▸ Exercise requirements
Your response to the data below should hold nothing except the lines from the one containing "Florsheim Tan Leather" down to the one containing "Al Duca D'Aosta", reproduced exactly and without pictures.
*** Records shown ***
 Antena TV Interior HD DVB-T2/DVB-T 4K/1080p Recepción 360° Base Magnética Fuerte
*** End of Records shown ***
*** Records shown ***
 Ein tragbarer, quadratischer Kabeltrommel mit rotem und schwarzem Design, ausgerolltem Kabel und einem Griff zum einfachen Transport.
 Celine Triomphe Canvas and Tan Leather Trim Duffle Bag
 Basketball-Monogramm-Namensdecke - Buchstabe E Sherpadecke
*** End of Records shown ***
*** Records shown ***
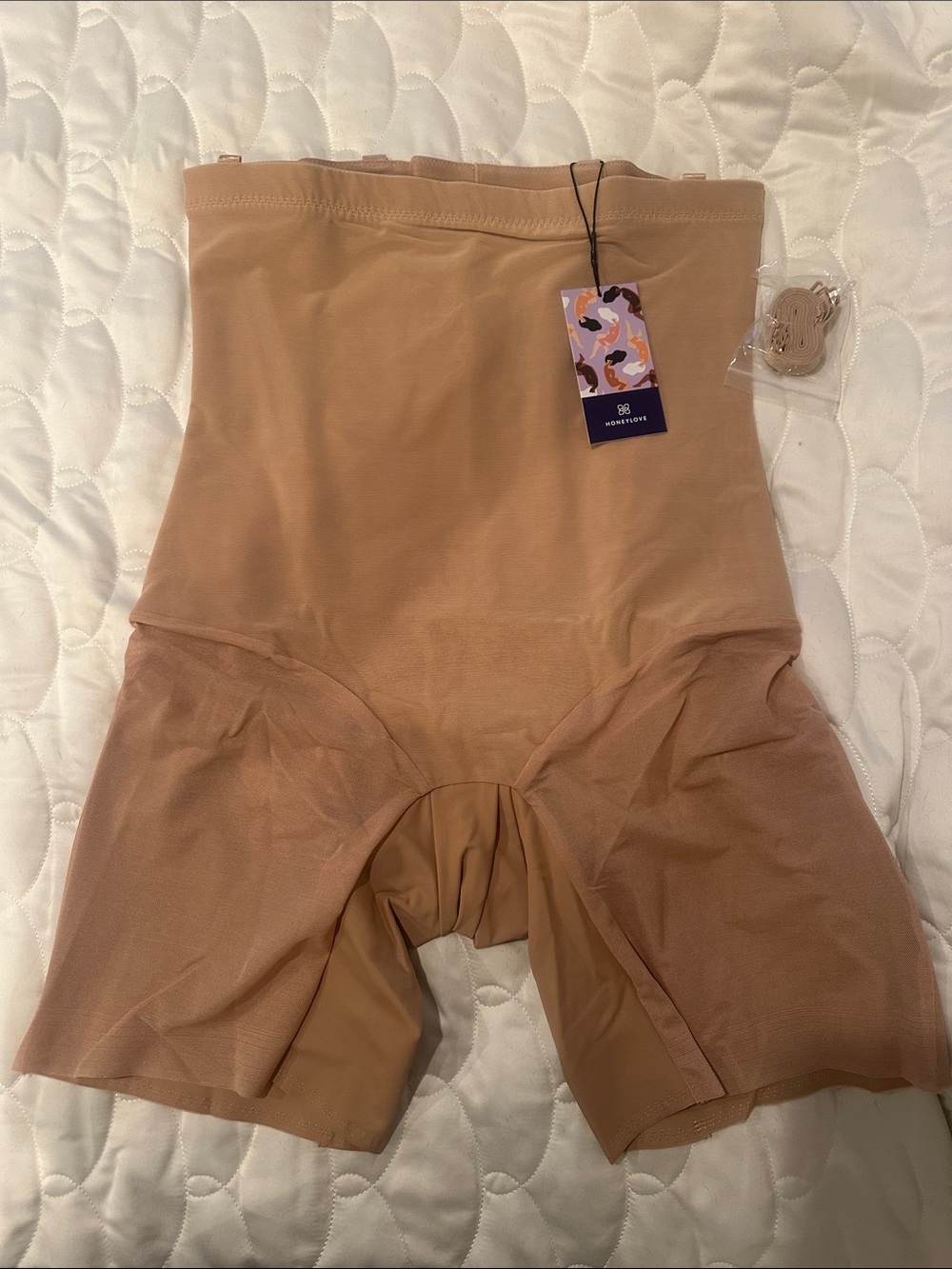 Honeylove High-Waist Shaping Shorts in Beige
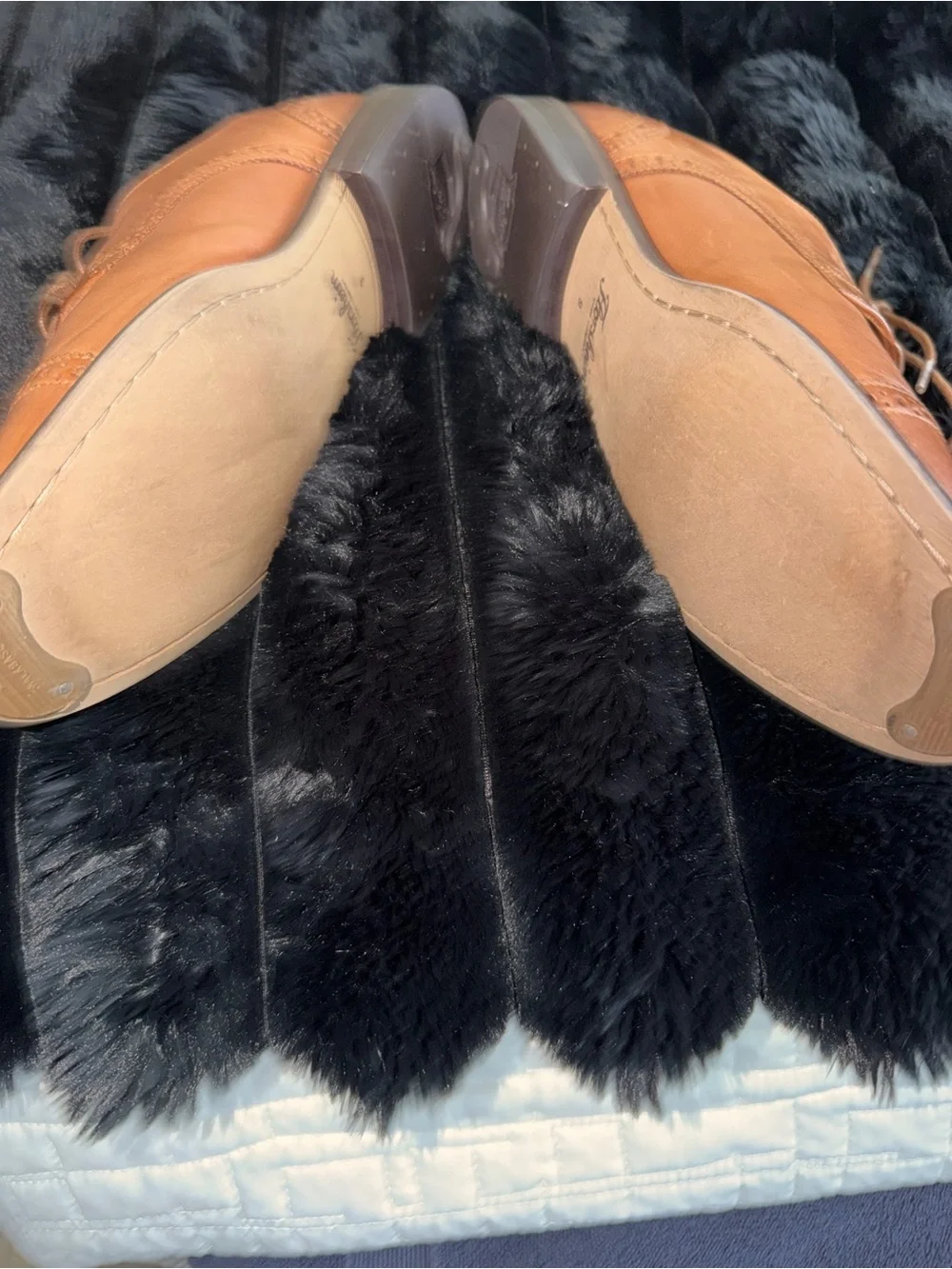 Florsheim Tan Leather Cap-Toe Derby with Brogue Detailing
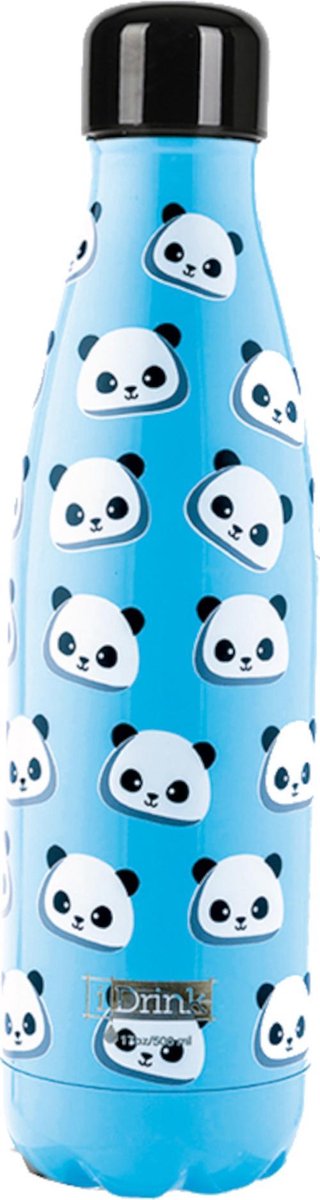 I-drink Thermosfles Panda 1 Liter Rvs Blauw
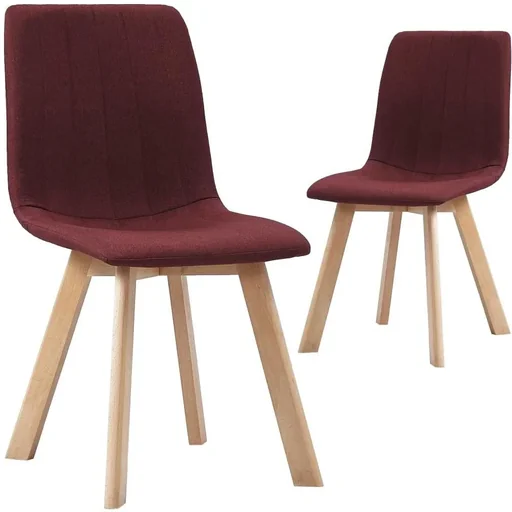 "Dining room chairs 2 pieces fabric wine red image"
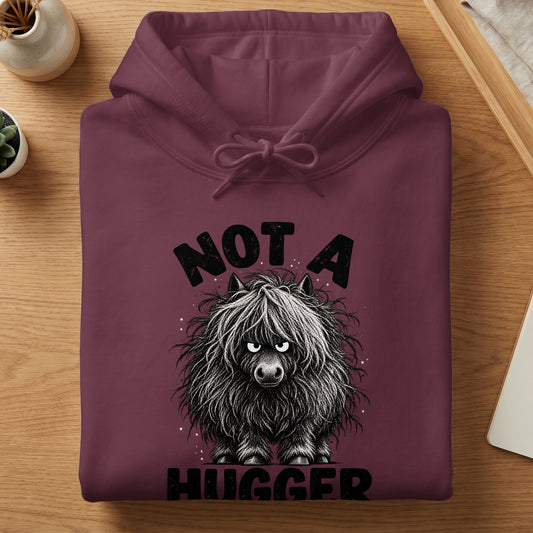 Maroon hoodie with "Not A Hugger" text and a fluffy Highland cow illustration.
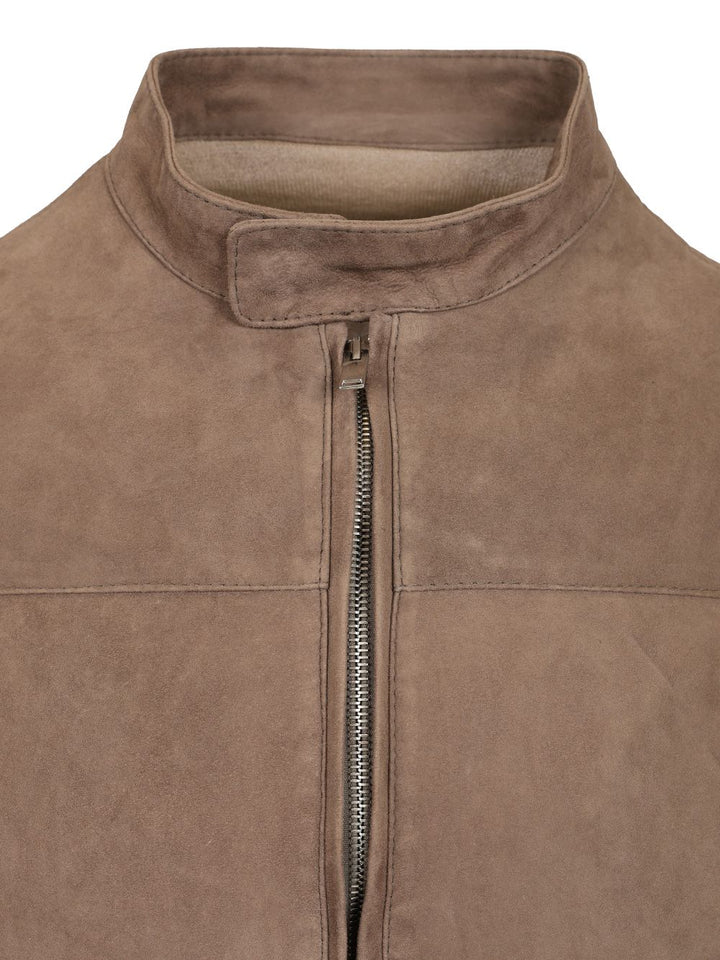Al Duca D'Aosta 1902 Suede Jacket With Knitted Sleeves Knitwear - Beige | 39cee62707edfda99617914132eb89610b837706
*** End of Records shown ***
▸ Expected output
 Florsheim Tan Leather Cap-Toe Derby with Brogue Detailing
 I-drink Thermosfles Panda 1 Liter Rvs Blauw
 "Dining room chairs 2 pieces fabric wine red image"
 Maroon hoodie with "Not A Hugger" text and a fluffy Highland cow illustration.
Al Duca D'Aosta 1902 Suede Jacket With Knitted Sleeves Knitwear - Beige | 39cee62707edfda99617914132eb89610b837706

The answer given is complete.